Olmes Fernando García Flórez (born 21 October 1992) is a Colombian footballer who plays as a forward for Deportes Quindio.

Club career
The Choco native began his career in the youth ranks of Deportes Quindio. In 2011, he made his debut in the Colombian First Division. In his first year with the club the young Colombian made 14 league appearances and scored two goals.
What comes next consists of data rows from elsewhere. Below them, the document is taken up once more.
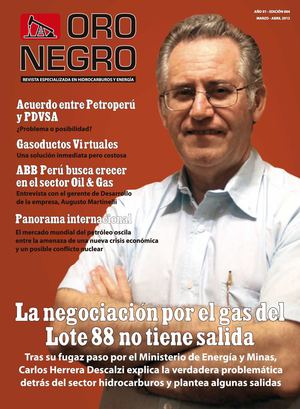 Revista Oro Negro Ed. N°04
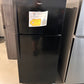 NEW! Whirlpool 30-inch Wide Top Freezer Refrigerator  MODEL: WRT318FZDB  REF13836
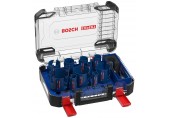 BOSCH Sada děrovek EXPERT Construction Material 20/22/25/32/35/40/44/51/60/68/76 mm, 15 ks 2608900489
In 2012, he made 33 league appearances for Quindio and scored five goals.

On 21 February 2013, García signed a contract with Real Salt Lake in Major League Soccer after being sold to the American side.  He scored his first goal for Salt Lake in an away game in Vancouver on 13 April.

García was released by Salt Lake at the end of the 2016 season, but was selected by San Jose Earthquakes in the 2016 MLS Re-Entry Draft Stage 2. He subsequently joined América de Cali in his home country.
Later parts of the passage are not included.